Good King Earn XXIII was a remarkably handsome man. He fell passionately in love and married the most beautiful girl of the nation. The royal couple remained childless for a very long time: ten years, counting from the wedding. One can imagine the jubilation of the people when in the eleventh year the welcome news that their beloved queen is with child. The people rejoiced doubly because with the royal birth a straight line of the crown inheritance was going to be restored. Earnaterrans were delighted when the Princess Erna XIII was born.Meanwhile, in the royal palace, the court midwife took a newborn baby in her arms and shook her head with great sadness. The fair queen glanced at her daughter and clasped her hands.

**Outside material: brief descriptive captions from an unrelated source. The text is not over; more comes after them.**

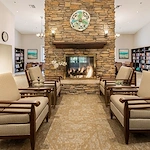 Woodbridge Terrace of Irvine, independent living, assisted living, and memory care in Irvine, CA, sitting area by fireplace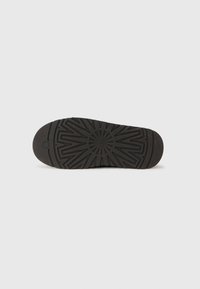 Semelle de chaussure en caoutchouc noir avec surface texturée présentant un motif en étoile et des accents surélevés pour une meilleure traction. Bout arrondi pour plus de confort.
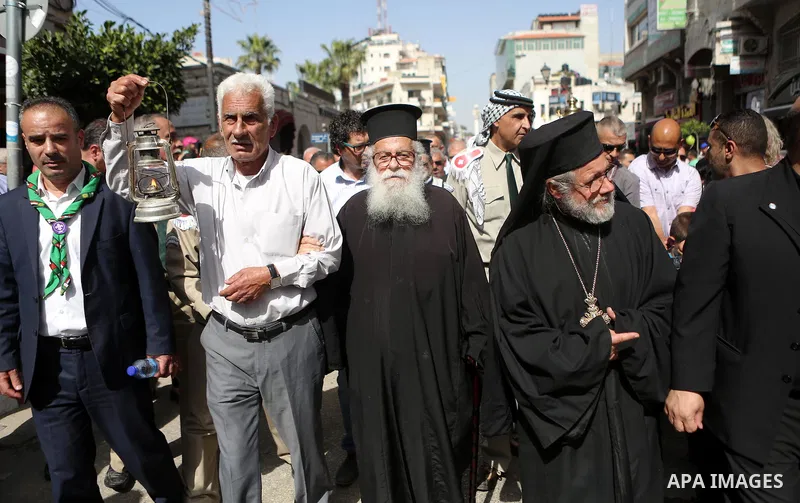 Palestinian christians march in the traditional Sabt al-Nour parade, in the West Bank city of Ramallah, on April 30, 2016. The Holy Fire is described by Orthodox Christians as a miracle that occurs every year at the Chur...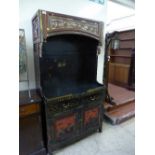 An Oriental lacquered and gilt cabinet.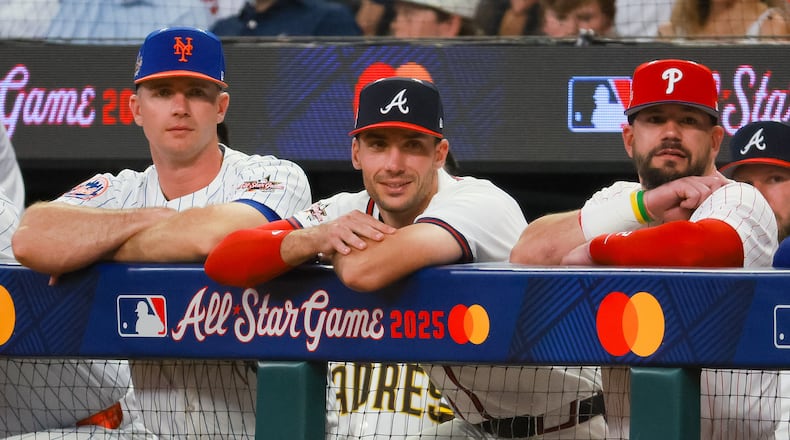 The National League's Matt Olson of the Atlanta Braves (center) stands between Pete Alonso of the New York Mets (left) and Kyle Schwarber of the Philadelphia Phillies (right) during the second inning of the MLB All-Star Game at Truist Park in Atlanta. (Jason Getz/AJC 2025)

“Oh, my God, how ugly!” she lamented and burst into tears. But, in a moment, she came to her senses and said, “No, no, let me hold my little darling. I’ll love her twice as much — the poor baby is so ugly.”
“Ah,” said the august father, “The fate is so cruel! I’ve heard of ugly princes in our dynasty, but the ugly princess is the first in the noble House of Earns. Let us pray that beautiful soul, heart and mind outweigh her physical appearance.”
The faithful people of Earnaterra wholeheartedly agreed. Let the newborn Infanta be of a beautiful spirit.
Princess Earna, meanwhile, grew by leaps and bounds, was cheerful and healthy child, growing ever uglier with every passing day, bearing striking resemblance to the portraits of the Earn the First. She was a beautiful soul possessing lovely inner qualities: kindness, patience, humility, attention to others, love for people and animals, clear, lively, precise mind and unfailing affability.
At this point, we’ll abandon Sare’s art, for, obviously, Princess Earna was no Zyuik…
…and considerably speed up the pace of the storytelling. One of the reasons of this hastiness is a spring snowstorm in Colorado. It damped over a foot of snow on Boulder, about a ton of which landed on our driveway and needs to be shoveled ASAP.
Thus, brevis in longo: To spare their ugly daughter’s feelings, her beautiful parents abolished mirrors in Ernaterra. For a very long time she had no idea how different she looks from Ernaterrans. A chance discovery of a single shard of mirror in her old nanny’s trunk devastated Earna. Distraught, she run into the mountains. There, she rescued a young man hanging off the cliff. He was tall and, by far, the ugliest creature she’d ever seen, speaking gibberish in a language that later has been revealed as French.
The French prince — and that who he was, for it is a fairy tale — nursed to health by Earna, had no trouble handling the ancient armor of King Earn the First and falling in love with a beautiful (oh, sorry, ugly) princess. “Oh, my love, how sad I’m not the most beautiful girl of Earnaterra!” she said. “Thank gods for that, my beloved blue star!” said the prince in Earnaterran. They married, departed to France, had an ugly (oh, sorry, beautiful) baby son. Poor Earna was happy to end up living among ugly people. Only the birth of an equally ugly child changed her perception of beauty. And also the revelation that the words carved on the wall of Earn the First’s hunting room in Latin said, “The men of my country are smart, loyal and hardworking, the women — honest, kind and intelligent. But — God forgive them! — they are exceptionally ugly people.”